Research into antipsychotic medications has resulted in big improvements over just the last few years.

Second generation antipsychotic medications were introduced just 15 years ago. Until then, the drugs used to treat schizophrenia were responsible for serious side effects in many people.

Medications from this era included haldol and caused a movement disorder known as tardive dyskinesia in some patients. The longer patients took the medication, the more likely they were to develop tardive dyskinesia. With every year on medication, an additional five percent of patients developed the disorder.

Not surprisingly, when the next generation of antipsychotic medications came on the market, they were eagerly welcomed as effective alternatives that did not cause this disturbing condition. These medications are known as atypical antipsychotics and include drugs such as clozapine, risperidone, olanzapine and seroquel.

However, even though the newer drugs were better than the first generation of antipsychotic drugs, over time it has become apparent they have their own set of potentially serious side effects.

Current antipsychotic meds are associated with increased incidence of weight gain, hyperlipidemia and diabetes, the so-called metabolic syndrome.

An FDA warning about these side effects was first issued in 2003 and since then the risk has been confirmed and quantified in many studies.

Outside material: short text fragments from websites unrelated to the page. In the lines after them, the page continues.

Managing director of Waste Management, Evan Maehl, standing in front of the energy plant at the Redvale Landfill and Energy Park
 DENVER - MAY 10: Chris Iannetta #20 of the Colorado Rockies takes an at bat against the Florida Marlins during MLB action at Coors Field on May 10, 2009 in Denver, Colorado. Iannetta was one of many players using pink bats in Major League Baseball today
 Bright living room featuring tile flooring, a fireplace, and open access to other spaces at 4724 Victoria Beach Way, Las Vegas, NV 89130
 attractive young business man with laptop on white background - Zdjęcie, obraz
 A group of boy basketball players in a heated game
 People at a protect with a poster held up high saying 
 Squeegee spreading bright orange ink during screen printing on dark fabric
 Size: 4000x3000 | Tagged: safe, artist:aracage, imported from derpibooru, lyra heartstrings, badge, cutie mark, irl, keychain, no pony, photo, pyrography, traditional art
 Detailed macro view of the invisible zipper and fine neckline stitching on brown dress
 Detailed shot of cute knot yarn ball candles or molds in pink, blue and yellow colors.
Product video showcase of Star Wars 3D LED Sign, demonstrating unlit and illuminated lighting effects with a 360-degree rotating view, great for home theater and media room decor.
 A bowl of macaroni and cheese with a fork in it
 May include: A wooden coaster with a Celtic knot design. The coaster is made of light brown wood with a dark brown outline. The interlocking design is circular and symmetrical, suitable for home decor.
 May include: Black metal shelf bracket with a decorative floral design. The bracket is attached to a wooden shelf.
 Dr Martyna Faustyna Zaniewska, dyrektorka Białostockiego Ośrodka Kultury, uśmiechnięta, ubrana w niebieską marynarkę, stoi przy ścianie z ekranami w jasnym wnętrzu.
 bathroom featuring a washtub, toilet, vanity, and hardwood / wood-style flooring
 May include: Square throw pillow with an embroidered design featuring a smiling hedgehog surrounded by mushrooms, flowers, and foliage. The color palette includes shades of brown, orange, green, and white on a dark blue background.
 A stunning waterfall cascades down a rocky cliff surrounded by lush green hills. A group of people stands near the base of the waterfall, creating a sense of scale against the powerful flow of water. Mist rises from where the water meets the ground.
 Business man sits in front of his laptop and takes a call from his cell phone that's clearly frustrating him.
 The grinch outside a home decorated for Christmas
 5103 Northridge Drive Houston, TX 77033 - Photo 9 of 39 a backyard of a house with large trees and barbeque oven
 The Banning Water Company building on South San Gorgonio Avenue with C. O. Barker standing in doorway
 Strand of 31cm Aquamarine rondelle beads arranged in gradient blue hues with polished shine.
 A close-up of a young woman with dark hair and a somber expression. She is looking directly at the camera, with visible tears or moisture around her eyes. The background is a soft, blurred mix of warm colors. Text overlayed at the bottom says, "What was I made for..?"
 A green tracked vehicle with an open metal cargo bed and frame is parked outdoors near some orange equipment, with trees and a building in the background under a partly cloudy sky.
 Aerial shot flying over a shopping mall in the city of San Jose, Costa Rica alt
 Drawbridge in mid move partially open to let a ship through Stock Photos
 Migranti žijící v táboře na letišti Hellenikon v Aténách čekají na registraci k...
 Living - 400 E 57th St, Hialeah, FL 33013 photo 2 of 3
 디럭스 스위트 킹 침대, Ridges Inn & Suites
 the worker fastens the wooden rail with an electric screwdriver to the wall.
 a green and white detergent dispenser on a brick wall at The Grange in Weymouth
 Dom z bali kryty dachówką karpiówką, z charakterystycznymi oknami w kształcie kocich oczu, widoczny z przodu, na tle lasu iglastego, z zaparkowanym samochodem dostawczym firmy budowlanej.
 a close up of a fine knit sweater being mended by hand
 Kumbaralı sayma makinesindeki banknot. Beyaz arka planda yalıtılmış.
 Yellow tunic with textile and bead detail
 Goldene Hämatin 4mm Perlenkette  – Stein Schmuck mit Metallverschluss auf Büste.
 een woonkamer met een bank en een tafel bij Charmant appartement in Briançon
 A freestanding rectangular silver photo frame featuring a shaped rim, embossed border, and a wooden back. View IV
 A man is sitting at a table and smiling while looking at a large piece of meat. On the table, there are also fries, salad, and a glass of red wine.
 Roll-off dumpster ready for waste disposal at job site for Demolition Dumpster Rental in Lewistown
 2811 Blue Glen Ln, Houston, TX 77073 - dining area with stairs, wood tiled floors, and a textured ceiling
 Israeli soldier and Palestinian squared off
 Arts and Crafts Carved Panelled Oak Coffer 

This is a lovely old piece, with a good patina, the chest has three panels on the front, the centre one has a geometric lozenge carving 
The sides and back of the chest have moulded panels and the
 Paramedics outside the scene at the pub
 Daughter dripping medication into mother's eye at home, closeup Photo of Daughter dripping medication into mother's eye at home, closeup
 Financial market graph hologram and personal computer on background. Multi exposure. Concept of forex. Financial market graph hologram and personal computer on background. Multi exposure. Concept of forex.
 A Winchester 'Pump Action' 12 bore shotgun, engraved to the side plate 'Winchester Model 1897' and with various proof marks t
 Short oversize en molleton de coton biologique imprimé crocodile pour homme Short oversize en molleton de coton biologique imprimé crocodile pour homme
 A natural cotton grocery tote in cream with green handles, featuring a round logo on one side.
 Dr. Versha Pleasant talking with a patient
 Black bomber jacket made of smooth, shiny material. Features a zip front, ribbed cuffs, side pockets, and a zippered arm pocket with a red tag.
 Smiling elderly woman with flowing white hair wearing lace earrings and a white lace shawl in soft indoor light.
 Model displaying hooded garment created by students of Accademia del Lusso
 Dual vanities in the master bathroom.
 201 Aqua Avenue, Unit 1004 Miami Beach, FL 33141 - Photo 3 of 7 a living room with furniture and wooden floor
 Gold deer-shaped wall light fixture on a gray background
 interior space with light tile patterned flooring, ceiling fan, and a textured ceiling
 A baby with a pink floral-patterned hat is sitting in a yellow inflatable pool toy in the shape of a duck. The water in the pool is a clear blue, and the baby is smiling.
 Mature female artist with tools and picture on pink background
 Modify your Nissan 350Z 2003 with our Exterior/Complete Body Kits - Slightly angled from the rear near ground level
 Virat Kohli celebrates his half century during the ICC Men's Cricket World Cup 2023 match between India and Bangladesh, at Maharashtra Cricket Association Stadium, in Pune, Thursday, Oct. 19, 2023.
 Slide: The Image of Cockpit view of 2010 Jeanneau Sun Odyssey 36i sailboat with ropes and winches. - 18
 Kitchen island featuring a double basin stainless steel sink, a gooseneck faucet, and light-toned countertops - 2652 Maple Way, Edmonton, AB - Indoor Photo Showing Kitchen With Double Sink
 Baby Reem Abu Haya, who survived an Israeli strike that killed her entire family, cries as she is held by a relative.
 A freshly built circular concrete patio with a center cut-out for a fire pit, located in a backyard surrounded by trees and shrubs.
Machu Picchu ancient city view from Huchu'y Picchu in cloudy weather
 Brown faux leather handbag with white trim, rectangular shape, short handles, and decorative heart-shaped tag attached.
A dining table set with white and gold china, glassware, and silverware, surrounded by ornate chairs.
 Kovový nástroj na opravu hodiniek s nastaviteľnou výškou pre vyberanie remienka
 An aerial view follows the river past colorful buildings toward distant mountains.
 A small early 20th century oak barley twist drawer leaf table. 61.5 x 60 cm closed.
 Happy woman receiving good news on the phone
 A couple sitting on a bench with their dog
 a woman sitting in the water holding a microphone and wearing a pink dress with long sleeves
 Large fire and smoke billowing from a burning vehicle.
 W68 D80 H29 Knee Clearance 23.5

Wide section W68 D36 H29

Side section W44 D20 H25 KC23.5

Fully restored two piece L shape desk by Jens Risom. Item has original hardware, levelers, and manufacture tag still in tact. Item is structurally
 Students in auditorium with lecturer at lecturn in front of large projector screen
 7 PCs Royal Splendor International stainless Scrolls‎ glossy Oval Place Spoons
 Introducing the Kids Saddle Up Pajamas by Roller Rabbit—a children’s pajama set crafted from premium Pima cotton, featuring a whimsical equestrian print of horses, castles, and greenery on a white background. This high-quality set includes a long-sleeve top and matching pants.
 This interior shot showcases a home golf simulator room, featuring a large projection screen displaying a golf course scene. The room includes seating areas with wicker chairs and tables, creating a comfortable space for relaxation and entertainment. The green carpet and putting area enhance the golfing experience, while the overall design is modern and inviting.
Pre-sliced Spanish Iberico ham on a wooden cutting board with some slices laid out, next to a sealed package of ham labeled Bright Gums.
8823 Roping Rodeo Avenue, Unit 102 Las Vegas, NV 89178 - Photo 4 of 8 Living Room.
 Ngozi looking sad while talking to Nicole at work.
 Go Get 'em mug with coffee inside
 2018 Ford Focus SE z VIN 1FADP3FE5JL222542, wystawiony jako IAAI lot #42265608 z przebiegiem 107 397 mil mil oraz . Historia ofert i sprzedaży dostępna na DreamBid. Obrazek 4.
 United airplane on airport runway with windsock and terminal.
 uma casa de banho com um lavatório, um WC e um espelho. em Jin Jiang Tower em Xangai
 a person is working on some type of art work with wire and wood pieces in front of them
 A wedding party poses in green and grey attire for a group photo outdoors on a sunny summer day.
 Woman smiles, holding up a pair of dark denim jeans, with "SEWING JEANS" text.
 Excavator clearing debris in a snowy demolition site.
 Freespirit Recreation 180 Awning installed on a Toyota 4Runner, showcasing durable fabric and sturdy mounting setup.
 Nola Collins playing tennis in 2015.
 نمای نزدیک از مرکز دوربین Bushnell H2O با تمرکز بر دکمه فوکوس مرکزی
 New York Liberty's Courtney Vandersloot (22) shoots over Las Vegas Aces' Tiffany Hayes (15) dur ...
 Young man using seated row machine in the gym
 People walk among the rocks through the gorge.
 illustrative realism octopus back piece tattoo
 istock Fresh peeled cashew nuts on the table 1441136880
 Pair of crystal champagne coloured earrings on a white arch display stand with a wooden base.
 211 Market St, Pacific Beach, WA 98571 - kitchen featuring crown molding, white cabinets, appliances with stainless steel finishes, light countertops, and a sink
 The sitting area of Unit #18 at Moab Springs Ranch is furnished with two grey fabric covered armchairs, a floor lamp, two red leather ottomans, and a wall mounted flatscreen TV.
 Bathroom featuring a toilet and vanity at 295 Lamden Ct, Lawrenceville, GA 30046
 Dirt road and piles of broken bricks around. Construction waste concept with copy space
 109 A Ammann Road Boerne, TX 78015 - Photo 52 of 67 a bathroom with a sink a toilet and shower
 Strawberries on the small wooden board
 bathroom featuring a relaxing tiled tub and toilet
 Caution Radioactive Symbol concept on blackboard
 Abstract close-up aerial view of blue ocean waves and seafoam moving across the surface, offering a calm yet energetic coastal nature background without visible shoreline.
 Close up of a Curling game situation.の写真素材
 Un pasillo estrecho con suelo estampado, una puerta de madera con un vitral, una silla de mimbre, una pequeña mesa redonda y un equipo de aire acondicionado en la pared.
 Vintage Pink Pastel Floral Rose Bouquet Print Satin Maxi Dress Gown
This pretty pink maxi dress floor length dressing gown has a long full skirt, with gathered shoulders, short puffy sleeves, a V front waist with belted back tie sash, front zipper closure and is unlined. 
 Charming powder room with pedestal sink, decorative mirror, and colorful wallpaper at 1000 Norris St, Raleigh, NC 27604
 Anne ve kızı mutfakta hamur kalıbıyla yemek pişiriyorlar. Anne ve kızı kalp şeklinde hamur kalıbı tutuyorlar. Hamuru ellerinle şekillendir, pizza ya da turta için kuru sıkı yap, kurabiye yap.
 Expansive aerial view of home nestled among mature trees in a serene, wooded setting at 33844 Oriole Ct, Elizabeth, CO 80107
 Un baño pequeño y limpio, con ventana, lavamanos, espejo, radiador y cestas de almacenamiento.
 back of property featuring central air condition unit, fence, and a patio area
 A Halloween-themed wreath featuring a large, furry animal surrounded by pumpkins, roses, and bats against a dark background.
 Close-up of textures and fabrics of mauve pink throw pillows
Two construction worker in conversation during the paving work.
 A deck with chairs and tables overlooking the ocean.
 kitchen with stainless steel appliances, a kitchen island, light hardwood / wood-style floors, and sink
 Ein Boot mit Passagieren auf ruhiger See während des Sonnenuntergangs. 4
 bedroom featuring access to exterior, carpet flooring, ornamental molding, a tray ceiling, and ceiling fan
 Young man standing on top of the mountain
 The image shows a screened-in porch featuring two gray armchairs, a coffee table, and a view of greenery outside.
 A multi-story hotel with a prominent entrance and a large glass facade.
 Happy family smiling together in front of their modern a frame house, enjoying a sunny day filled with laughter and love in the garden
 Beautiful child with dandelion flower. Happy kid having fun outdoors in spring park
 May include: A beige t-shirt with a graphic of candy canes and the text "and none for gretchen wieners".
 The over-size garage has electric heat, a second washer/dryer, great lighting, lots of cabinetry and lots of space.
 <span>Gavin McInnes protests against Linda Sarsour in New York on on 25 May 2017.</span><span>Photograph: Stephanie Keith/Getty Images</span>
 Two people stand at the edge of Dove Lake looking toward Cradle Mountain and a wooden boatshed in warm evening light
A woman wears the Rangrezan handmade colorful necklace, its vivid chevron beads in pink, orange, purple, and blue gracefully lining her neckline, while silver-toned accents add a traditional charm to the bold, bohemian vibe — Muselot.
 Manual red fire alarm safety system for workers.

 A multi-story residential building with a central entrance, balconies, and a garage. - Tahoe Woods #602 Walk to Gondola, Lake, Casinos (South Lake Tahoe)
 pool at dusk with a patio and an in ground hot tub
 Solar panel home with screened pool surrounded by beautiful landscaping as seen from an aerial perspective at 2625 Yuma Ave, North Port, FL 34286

Clinically significant weight gain occurs with clozapine, olanzapine, seroquel and risperidone. On average, the weight gain is roughly four kilograms in 10 weeks on olanzapine and about half that on risperidone.

Further, the same relative relationship exists for elevated total cholesterol, triglycerides and diabetes.

Less well recognized is that diabetes was noted to be more common among schizophrenic individuals before drugs were ever introduced for this disease. Reports dating from as early as 1899 as well as 15 publications between 1919 and 1946 commented on an elevated incidence of these symptoms among those with schizophrenia.

In more recent studies, 15 percent of drug naive, first episode patients had impaired glucose tolerance compared to zero percent in age and gender matched non-schizophrenic volunteers.

These numbers could be due to genetic predisposition or lifestyle issues such as diet or lack of physical activity. Elevated cortisol secretion found in this disease could also affect glucose tolerance in this population.

Regardless of the cause in the absence of medication, there is no doubt that the atypical antipsychotic drugs do increase an already elevated risk for obesity, hyperlipidemia and diabetes.

Since these are potentially life-threatening side effects, new attempts to launch a third generation of antipsychotic medications are underway. Research is ongoing to develop medications that have a reduced incidence of these side effects while still providing effective relief of psychotic symptoms.

Aripiprazole and ziprasidone, already approved in the US, appear to be a significant improvement, but are not available yet in Canada. Other drugs currently under development also show promise. Bifeprunox appears to be the most promising and closest to approval.

This ongoing search for improved treatment with less side effects is a great example of the significance of continued research in medicine.